Now, after your English hatred, John, I must talk to you of your English greed. This is of two kinds -national and personal. I grieve to say, that of late years, under my rule, there has sprung up a class of Anglo-Indian politicians, hot for the annexation, the absorption of the native states, who believe that the security of England in India lies in the continual extension of her frontier. Unhappily, John, many of the members of this school are very able men, and some, too, are very good ones. But, believe me, it is a bad school. Its theories must be exploded, its practice must be reversed, if you would long retain your empire in the East. If the wishes of this school had been fulfilled-if its advice had been followed-no human power would have enabled you_successfully to resist the mutiny of the Bengal army. Humanly speaking, John, you have been saved by your alliances with the few remaining native states. Let the few which now

remain, remain for ever. Do not seek to weaken, but to strengthen them. Let them feel that the main source of their stability is the permanence of your rule. Respect their rights; tolerate their failures; and, above all, do not test them with the gauge

of your own exclusive theories. Do not think that whatever you do is best, because you understand it best. There are different roads towards the same goal; and it does not follow that the only safe one is that which you are accustomed to travel. Shoes and stockings are doubtless commendable institutions; but there may be conditions of society in which they are only intolerable bores.
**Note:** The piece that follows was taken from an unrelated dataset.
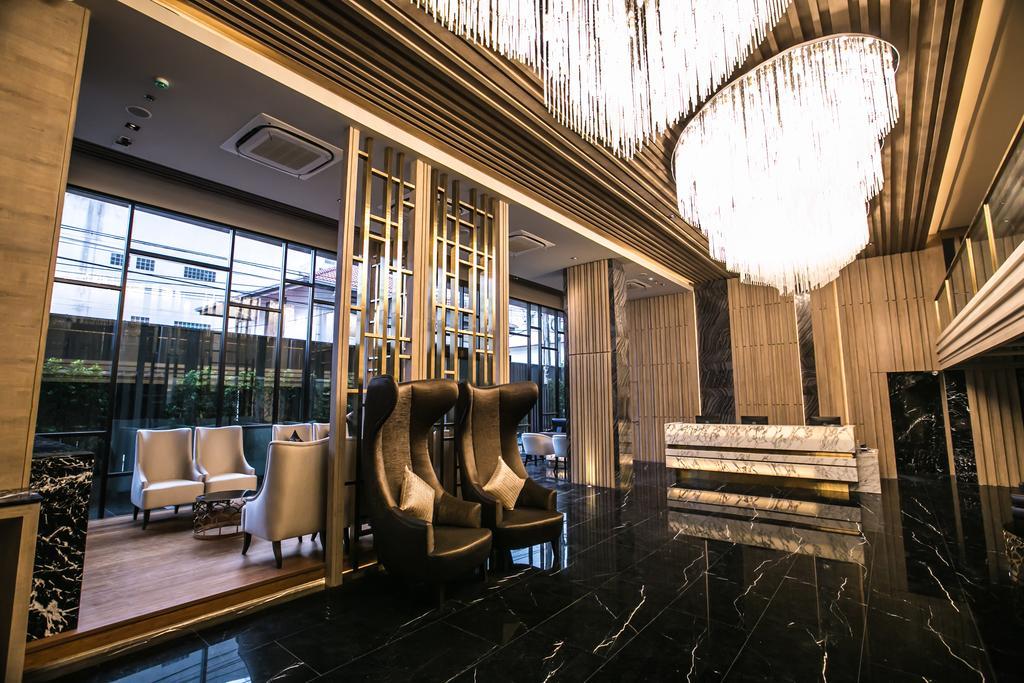 Arte Hotel - Sha Extra Plus Bangkok Eksteriør bilde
Stifle that cry of "India for the English." Do not suffer the doctrine which it expresses to make way, any more in its personal than in its national acceptation. Do not think that the country was given to us only as an outlet for English enterprise and a field for English industry. These things, in due moderation, may be advantageous to India; but your first care should ever be, John, the employment of the people. I see that your present notion, however paradoxical, is, that whilst depriving the upper and middle classes of India of all lucrative employments, you should extend by every possible means the market in India for your own wares; in other words, that you should find purchasers among the very people whom you are depriving of the means of purchasing. If you want to open out new markets in India for your manufactured goods, you must elevate, not depress, the upper and middle classes. But what is now the cry, John? More Englishmen. Everywhere, more Englishmen in the public service; more Englishmen in the law-courts; more Englishmen to develop the commercial resources of the country, and even to become possessors of the soil. But do you think, John, that the people of India are more likely to reconcile themselves to your rule, when they find that the recent crisis has only given an increased impulse to the usurpations of the white man; that the subsiding of the waters of rebellion will be followed by a flooding in of hungry Englishmen? At any period this would be viewed with anxiety and alarm by the people of the country; but at the present time, when the animosity between the two races is at its height, it cannot but be regarded as a menace, and in all human probability will practi

cally be much more than a menace. Be sure, John, that this animosity must be allayed before any new influx of Europeans into India can be otherwise than perilous in the extreme. Send out more of your children if you will, John; but be sure that they go forth in a spirit of peace and good will towards men, whatsoever their colour, and whatsoever their creed. Teach them that their true interest lies in the elevation, not in the depression of the people, and that they can rule them better by love than by fear. Send them forth as friends and coadjutors, not as enemies and usurpers; and if they cherish in their hearts the lessons which you have taught them, you may find that there is room enough for all. But I fear that the national mind, John, is not yet in a fit state for such an experiment. I fear that some years must elapse before any influx of independent Europeans into India can be anything but a new source of difficulty and danger.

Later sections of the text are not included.